What is needed. Only the lines below from the one containing "CLA10838 Mahogany Coffee Table by Classics" through the one containing "VOLCÁN POPOCATÉPETL" belong in the answer, set down exactly, with the pictures left out.

Provided entries.
+ + + + +

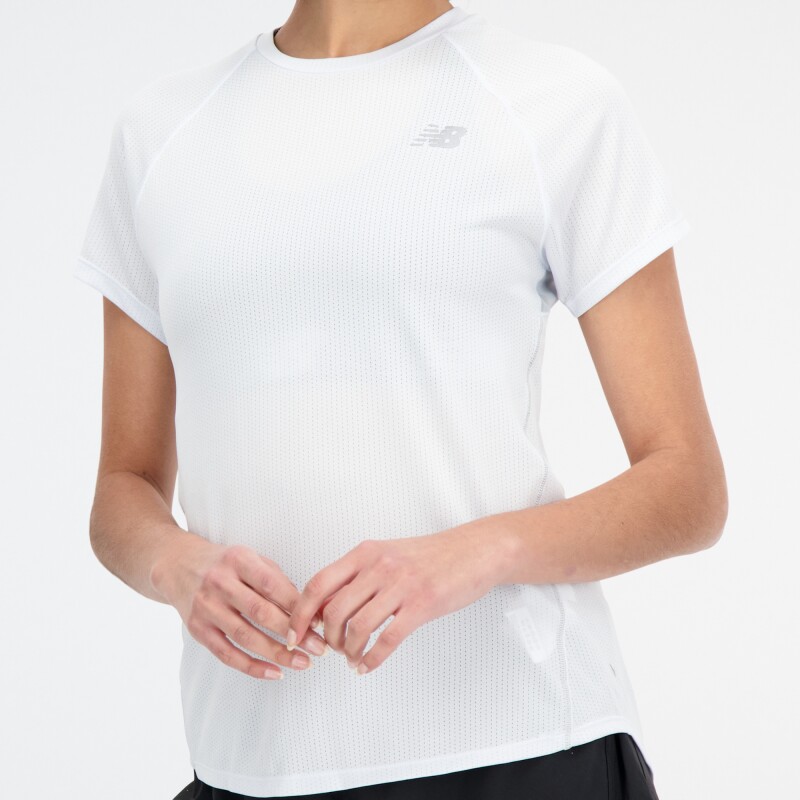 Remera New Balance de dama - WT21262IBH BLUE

+ + + + +

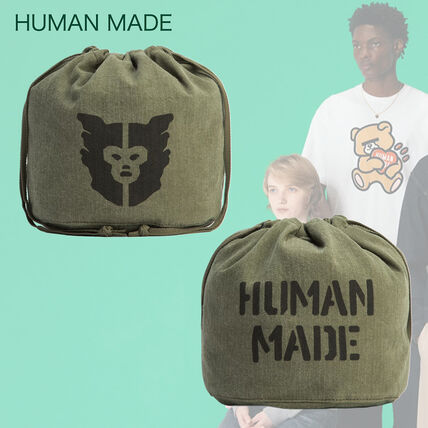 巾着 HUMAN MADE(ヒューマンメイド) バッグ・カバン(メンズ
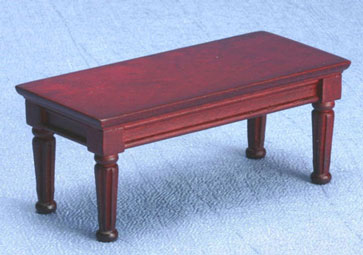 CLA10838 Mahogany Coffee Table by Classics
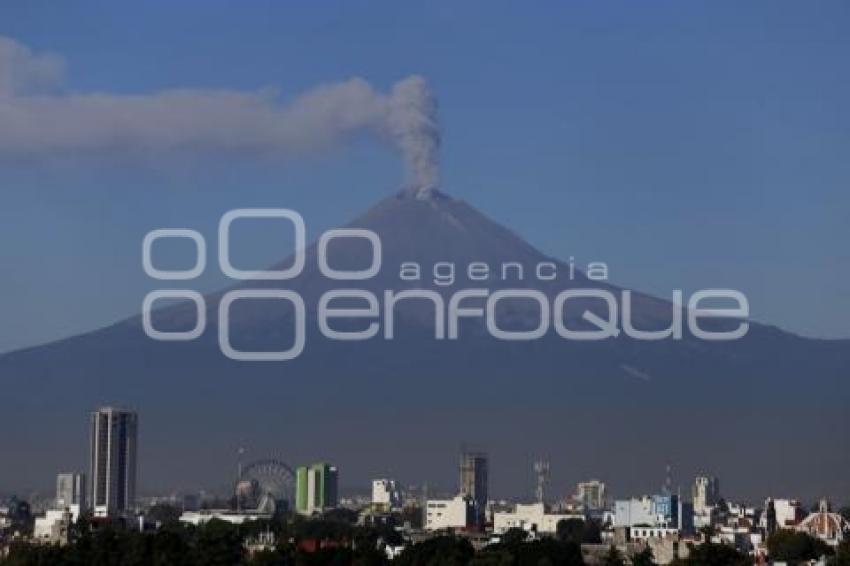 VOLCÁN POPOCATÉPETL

+ + + + +

Answer box.
 CLA10838 Mahogany Coffee Table by Classics
 VOLCÁN POPOCATÉPETL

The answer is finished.